• _REQUIRED WORK_:
Go through the entries below and print, exactly, the lines starting at the one with "FXR2 Antibody - Staining" and ending at the one with "CT Pulmonary Angiography", keeping both ends and no others.

Stored data
-------
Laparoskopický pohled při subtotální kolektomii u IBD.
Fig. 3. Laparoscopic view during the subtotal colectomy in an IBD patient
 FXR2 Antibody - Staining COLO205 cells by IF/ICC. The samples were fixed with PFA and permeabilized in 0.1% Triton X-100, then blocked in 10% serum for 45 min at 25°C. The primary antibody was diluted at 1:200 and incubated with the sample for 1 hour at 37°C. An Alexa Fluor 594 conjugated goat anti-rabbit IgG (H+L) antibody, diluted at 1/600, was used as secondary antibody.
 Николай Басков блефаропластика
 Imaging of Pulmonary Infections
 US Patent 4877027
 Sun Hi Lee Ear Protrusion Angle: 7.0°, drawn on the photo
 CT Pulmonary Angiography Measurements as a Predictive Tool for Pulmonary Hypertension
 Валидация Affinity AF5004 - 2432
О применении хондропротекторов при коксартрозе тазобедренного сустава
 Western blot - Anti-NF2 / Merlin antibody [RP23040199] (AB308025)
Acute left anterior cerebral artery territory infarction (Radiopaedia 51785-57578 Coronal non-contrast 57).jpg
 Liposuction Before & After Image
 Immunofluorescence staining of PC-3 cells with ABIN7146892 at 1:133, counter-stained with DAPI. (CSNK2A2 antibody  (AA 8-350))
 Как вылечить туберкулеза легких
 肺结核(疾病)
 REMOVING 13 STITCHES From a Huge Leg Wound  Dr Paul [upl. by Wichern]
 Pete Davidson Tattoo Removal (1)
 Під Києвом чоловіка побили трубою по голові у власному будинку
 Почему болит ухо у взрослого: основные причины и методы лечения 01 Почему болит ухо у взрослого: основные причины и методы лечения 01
-------
• _EXERCISE ANSWER_:
 FXR2 Antibody - Staining COLO205 cells by IF/ICC. The samples were fixed with PFA and permeabilized in 0.1% Triton X-100, then blocked in 10% serum for 45 min at 25°C. The primary antibody was diluted at 1:200 and incubated with the sample for 1 hour at 37°C. An Alexa Fluor 594 conjugated goat anti-rabbit IgG (H+L) antibody, diluted at 1/600, was used as secondary antibody.
 Николай Басков блефаропластика
 Imaging of Pulmonary Infections
 US Patent 4877027
 Sun Hi Lee Ear Protrusion Angle: 7.0°, drawn on the photo
 CT Pulmonary Angiography Measurements as a Predictive Tool for Pulmonary Hypertension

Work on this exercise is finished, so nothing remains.